2011年7月17日 星期日

Stress tests on reactors to look at four disaster scenarios

Stress tests on reactors to look at four disaster scenarios

BY TATSUYUKI KOBORI STAFF WRITER

2011/07/17


Nuclear power companies will be required to prove their reactors' ability to withstand four disaster scenarios under new "stress tests" outlined by Japan's Nuclear and Industrial Safety Agency (NISA).

The tests, detailed in a report submitted by NISA to the Nuclear Safety Commission of Japan (NSC) on July 15, will require power companies to model their nuclear power stations' endurance in a major earthquake, a tsunami, a complete loss of power throughout a plant, and a loss of ability to release heat from the reactors.

Computer modeling will be used to identify the strengths and weaknesses of the plants, and the results will be analyzed by NISA and verified by the NSC.

Electric power companies will be required to conduct all the assessments and submit reports by the end of this year, but verification by the central government is not likely to be finished before 2012. It is unclear whether the test results will be enough to reassure local governments near the reactors.

There will be two distinct phases of testing. The first phase will be conducted on nuclear reactors that have been suspended for regular inspections but are ready for restarts as of the end of July.

That testing will be less rigorous than the second phase and will only look at key equipment in the reactors. The administration of Prime Minister Naoto Kan has said that the first-phase tests will be a precondition for the restart of nuclear reactors.
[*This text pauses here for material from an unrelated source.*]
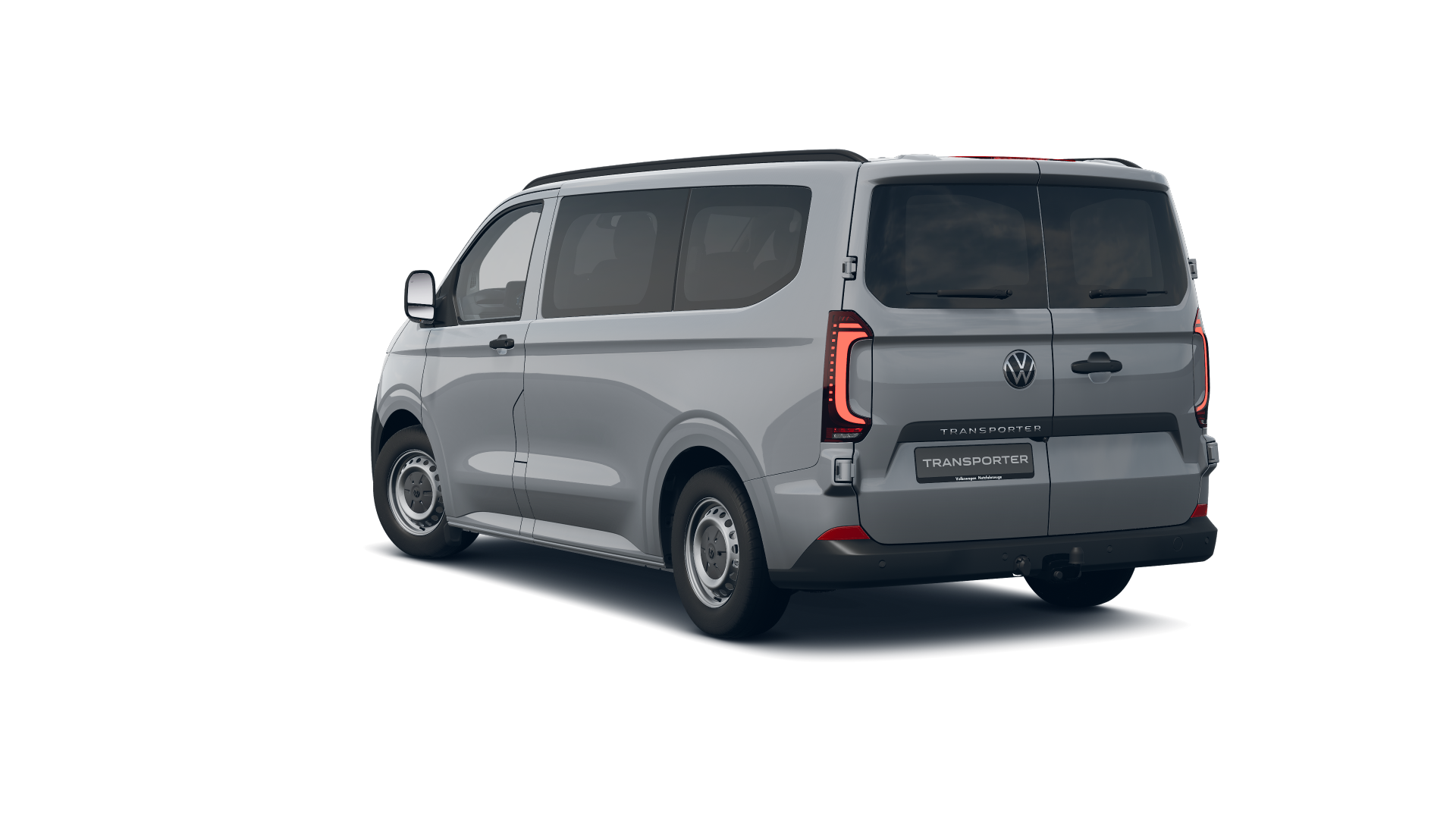 Obrázek Entry Transporter Kombi 2,0 TDI KR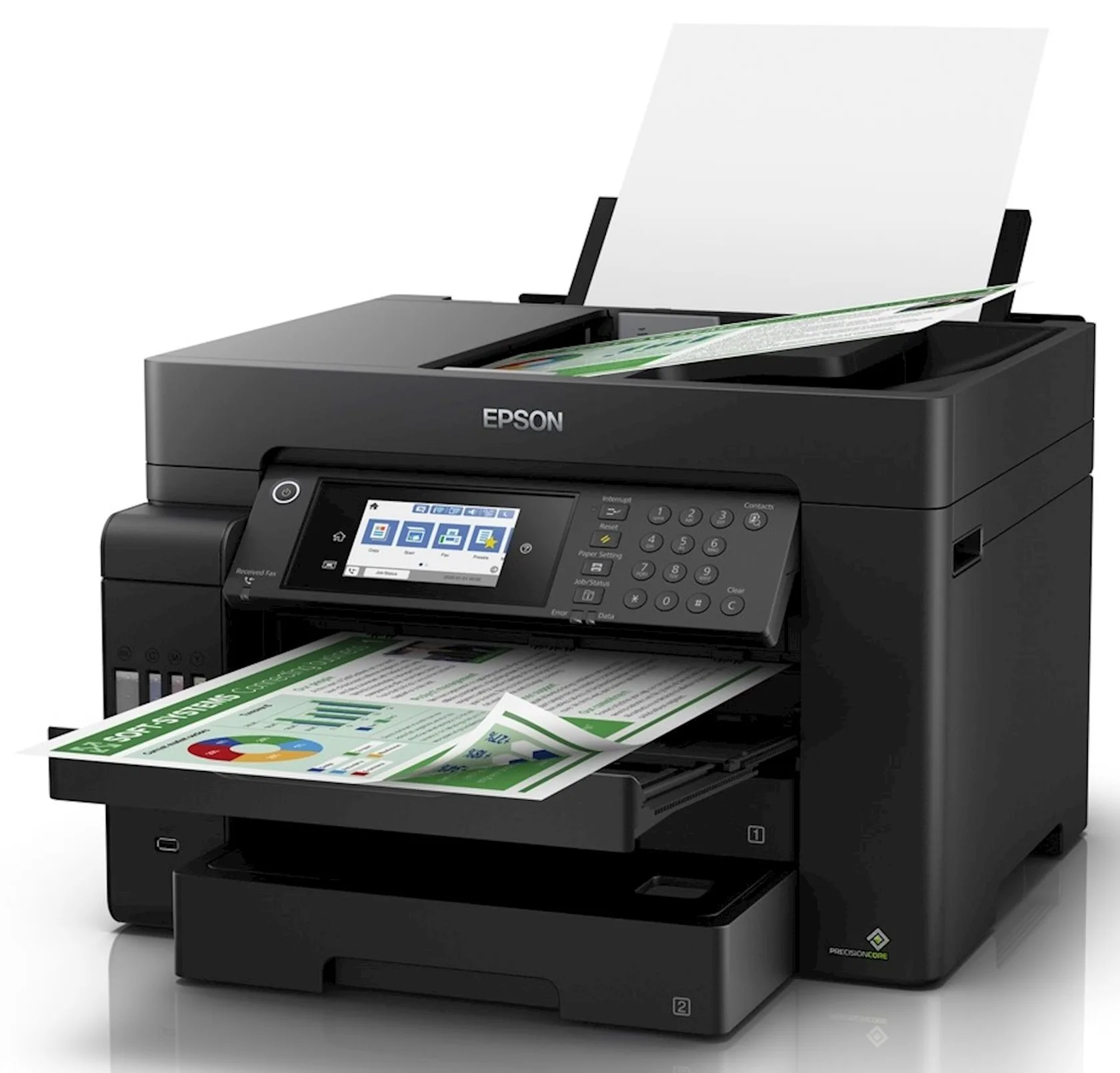 Printer Epson L15150 CIS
Nineteen reactors are currently suspended for regular inspections, but only about 10 reactors that were not directly affected by the Great East Japan Earthquake are expected to be subjected immediately to the first-phase tests.

Kan and three other ministers will make the final decisions on whether to authorize restarts. The NISA report did not give a timeline for the completion of the assessments.

The second-phase assessments will be targeted at all reactors under construction and all 44 existing nuclear reactors in Japan except the Fukushima No. 1 and Fukushima No. 2 nuclear plants.

The safety of the whole of the reactors, not just the key equipment covered by the first-phase tests, will be assessed and the stresses that would put the reactors into a dangerous condition will be identified. The electric power companies will be required to submit reports on the second-phase assessments by the end of the year.

NISA will issue further instructions on the tests to power companies by the end of July.